**Work required**
Restate exactly the lines below, from the one containing "Julehygge med Astrid Lindgreen" through the final line, and leave out the pictures.

**Source material**

____

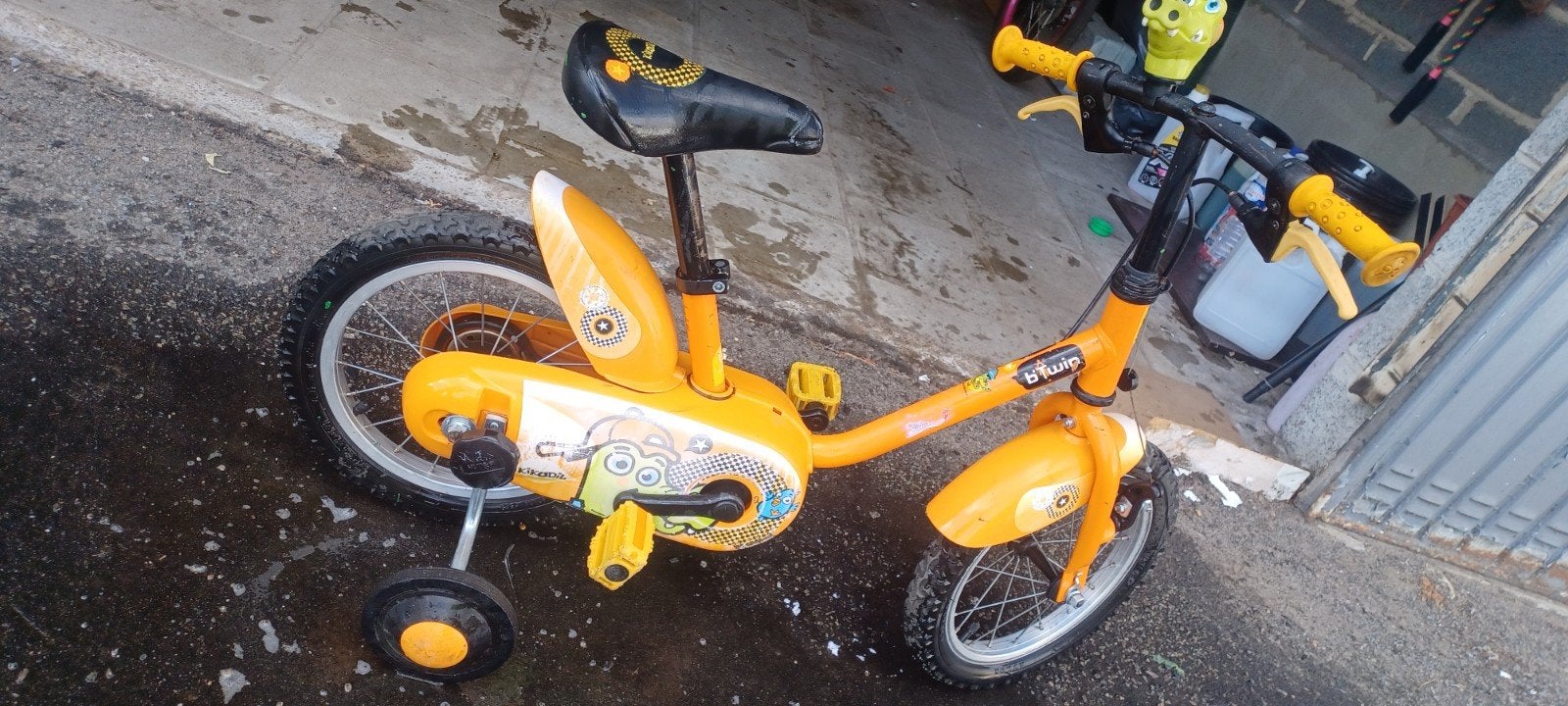 velos btwin très bon état, Enlèvement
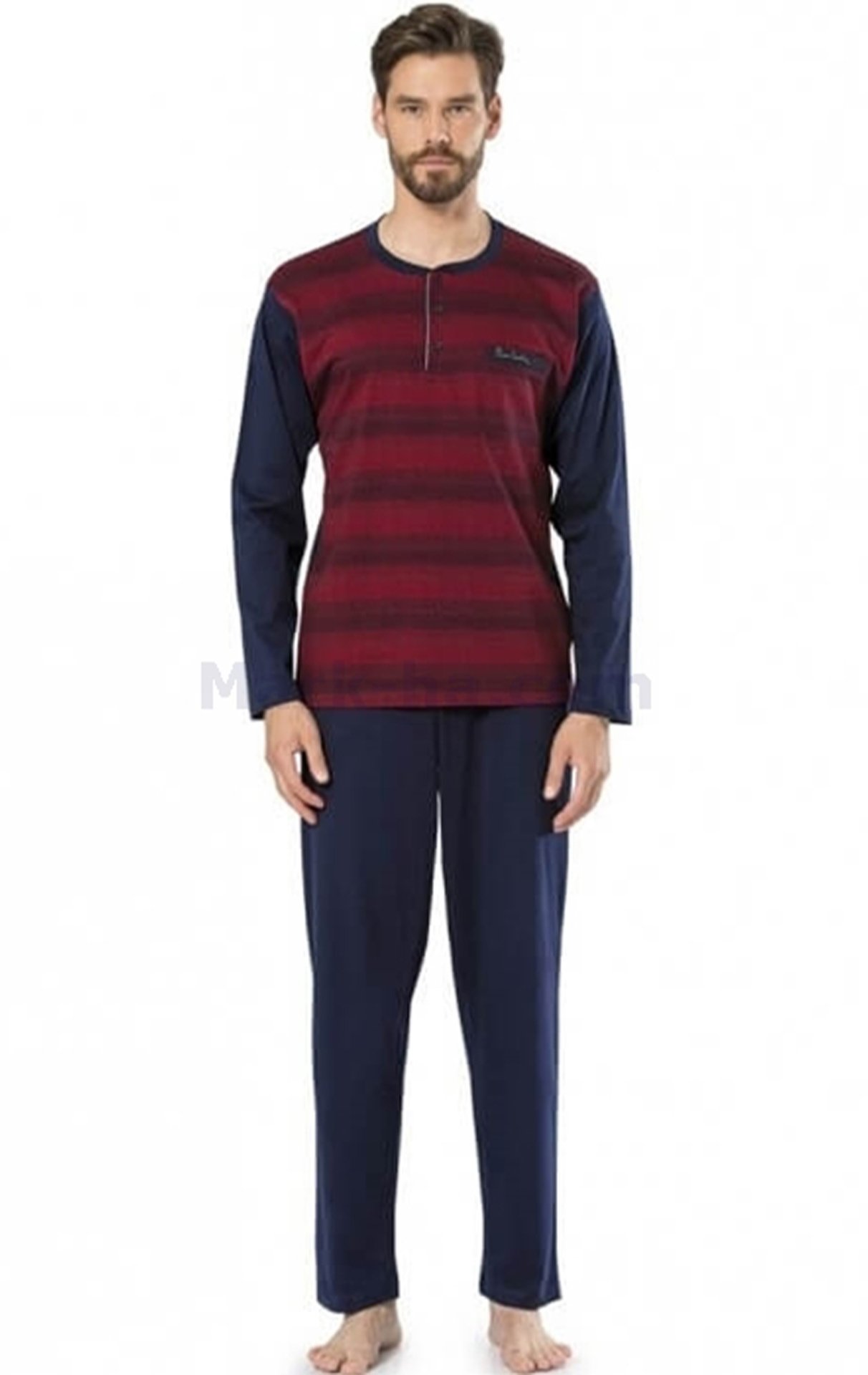 Pierre Cardin 5193 Pijama Takımı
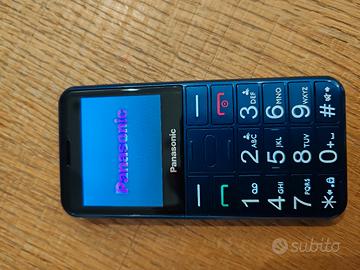 cellulare Panasonic KX-TU155 EXCN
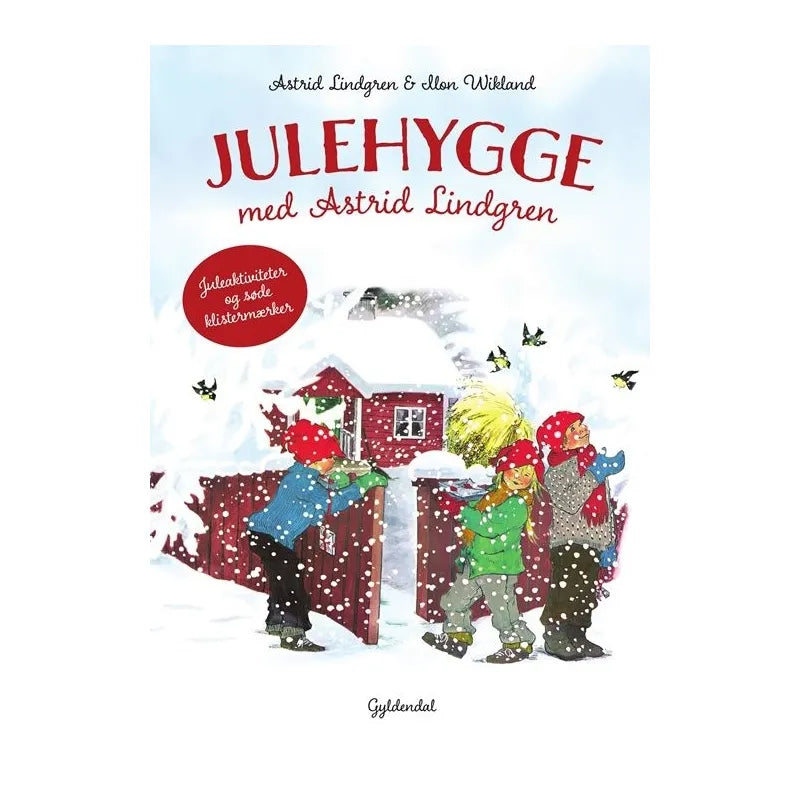 Julehygge med Astrid Lindgreen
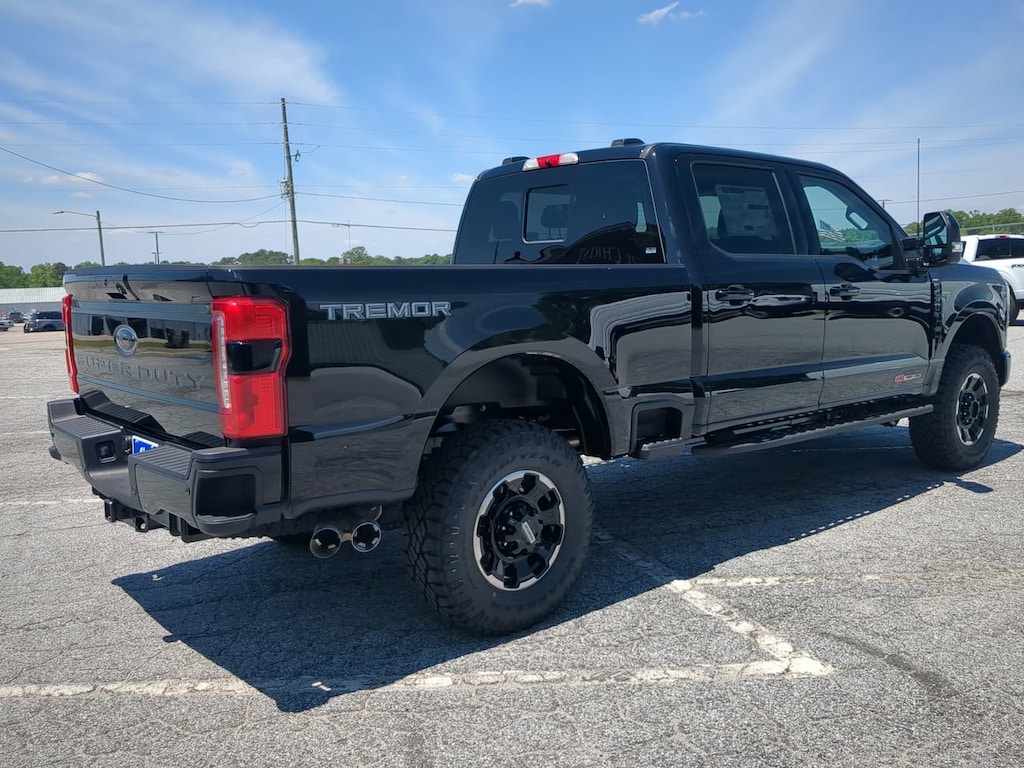 New 2026 Ford Super Duty F-250 SRW Lariat TRUCK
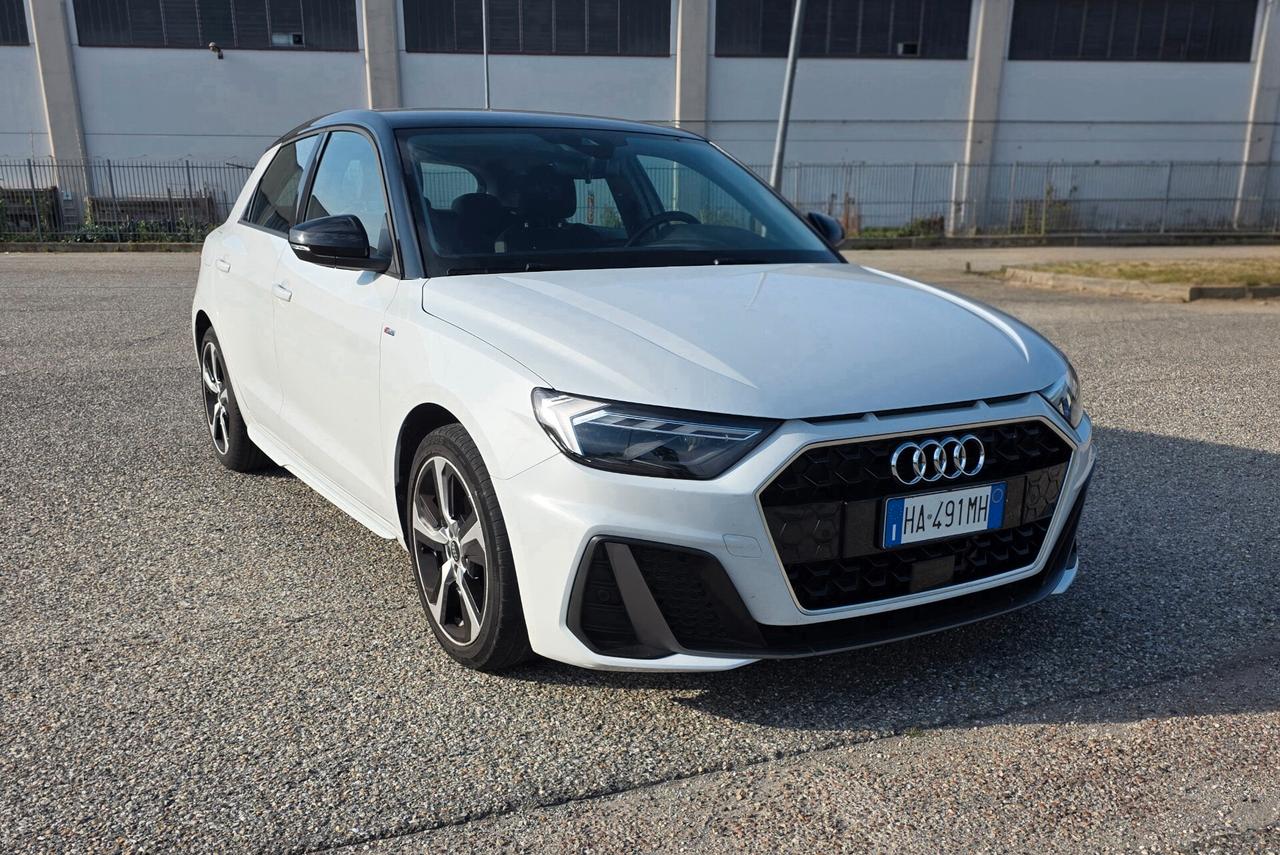 Audi A1 SPB 35 TFSI S tronic line edition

____

**Response area**
 Julehygge med Astrid Lindgreen
 New 2026 Ford Super Duty F-250 SRW Lariat TRUCK
 Audi A1 SPB 35 TFSI S tronic line edition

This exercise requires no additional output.